The results show clear oxidation peaks or waves in the potential range above 1.5 V. The presence of these signals cannot be linked to the well-known redox pair CoQ10/CoQ10H2, but may be attributed to the irreversible and diffusion-controlled two-electron oxidation of methoxy in coenzyme Q10 (formation of two additional quinone groups at the 2 and 3 positions of the ring). the total number of electrons involved in the CoQ10 anodic oxidation is much greater than two, suggesting that the oxidation also takes place in the unsaturated isopentadienyl side chain. The total number of electrons involved in CoQ10 anodic oxidation is much higher than two, suggesting that oxidation also occurs in the unsaturated isoprene side chain.

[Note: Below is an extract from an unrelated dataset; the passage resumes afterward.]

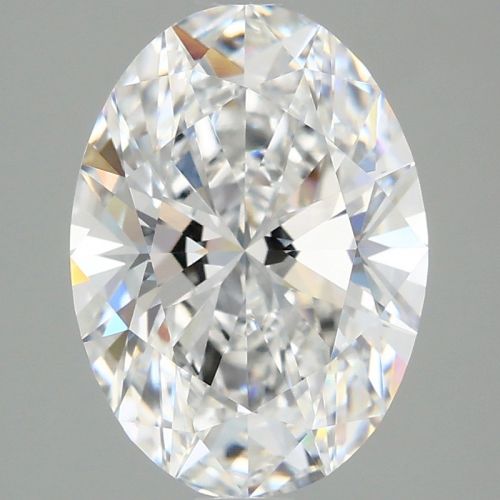 Oval 3.10 Carat Diamond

The oxidation of the oxidized coenzyme CoQ10 has been rarely reported, is much less readily accessible than that of coenzyme Q10H2, and the mechanism of oxidation has yet to be demonstrated.
2.4 Other analytical methods
Supercritical fluids are substances whose temperature and pressure exceed the critical point, in a state of gas-liquid indistinguishability, with a density close to that of liquids, and a viscosity close to that of gases, and a high diffusion coefficient. Supercritical fluids with high diffusivity and low viscosity, very suitable for mobile phase. The supercritical fluid with more research and application is supercritical CO2. Supercritical fluid chromatography-tandem mass spectrometry (SFC-Ms/Ms) with supercritical CO2 as mobile phase can be used for the determination of coenzyme CoQ10 in rat plasma [8]. The method uses one-step acetone method to precipitate the protein and extract CoQ10 from the sample. Due to the low sensitivity of [M + H]+ of CoQ10 in mass spectrometry, methanol containing ammonium acetate was used as a post-column compensating solvent to provide [M + NH4]+ and improve the sensitivity. Supercritical CO2 is non-toxic, non-flammable, and relatively inexpensive, so it is widely used. Due to its non-polar nature, it is well suited for the analysis of fat-soluble compounds and can greatly reduce the use of organic solvents.

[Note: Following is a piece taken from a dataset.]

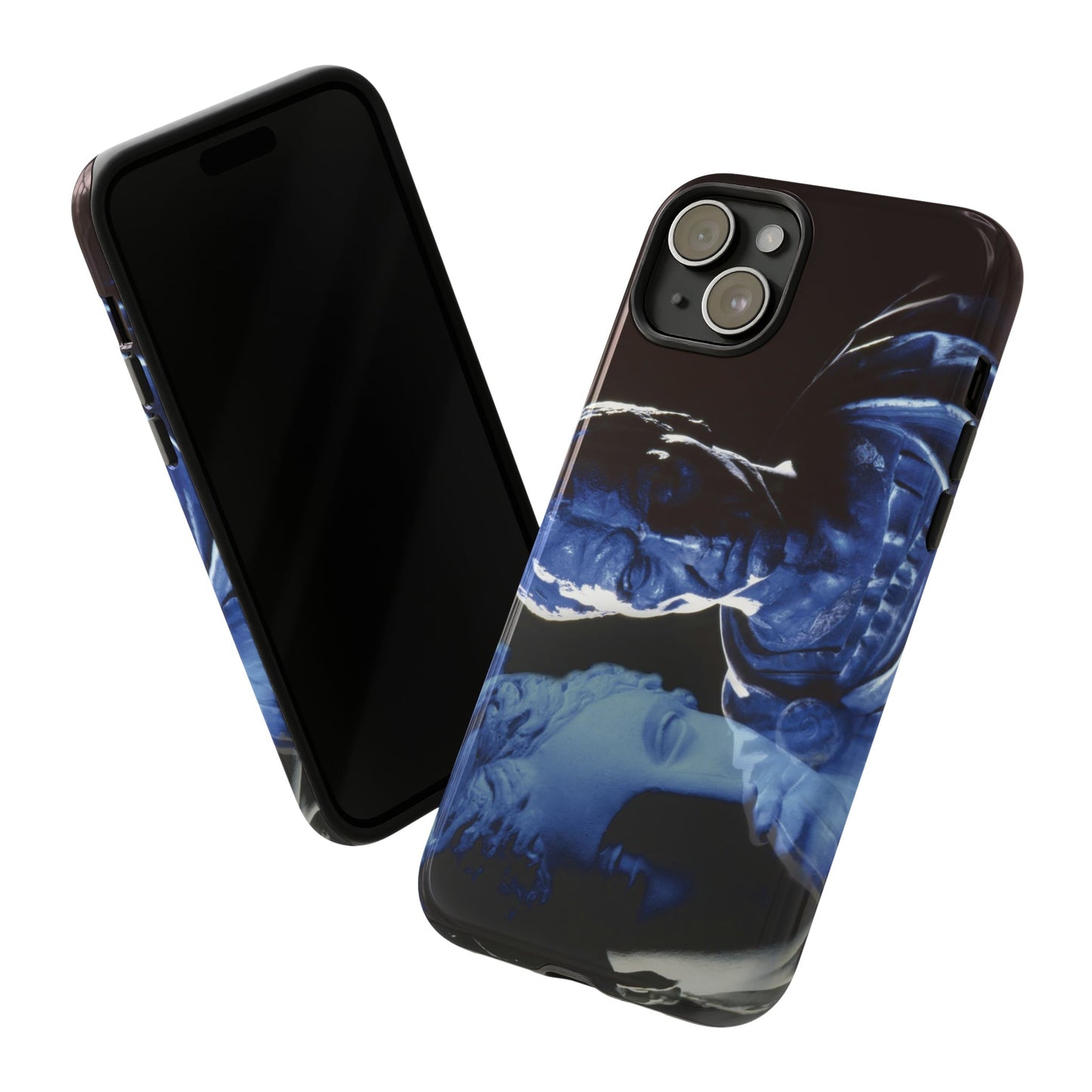 Julius Caesar and Venus Phone Case - Divine Authority Protection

Other analytical methods include: high performance thin layer chromatography (HPTLC) [37], Fourier transform near infrared spectroscopy (FT-NIR) [38], nuclear magnetic resonance hydrogen spectroscopy (1 H- NMR) [39], etc. HPTLC is simple and rapid, but the sensitivity is not very high, and can be used for the analysis of coenzyme Q10 in raw materials and pharmaceutical preparations. FT-NIR does not require complex sample pretreatment, but requires a certain number of samples to establish a calibration model and obtain results through complex statistical analysis, and is generally used for the initial screening of the target analyte. 1 H- NMR also does not require complex sample pretreatment, can be both calibrated models, and obtained through complex statistical analysis, and is generally used for the initial screening of target analytes. FT-NIR does not require complex sample pretreatment, but requires a certain number of samples to establish a calibration model and obtain the results through complex statistical analysis, and is generally used for the initial screening of target analytes.1 H-NMR also does not require complex sample pretreatment, and can be used both qualitatively and quantitatively, with low sensitivity, and can be used for routine analysis of preparations. These methods can be used as a useful supplement to the quantitative analysis of coenzyme Q10.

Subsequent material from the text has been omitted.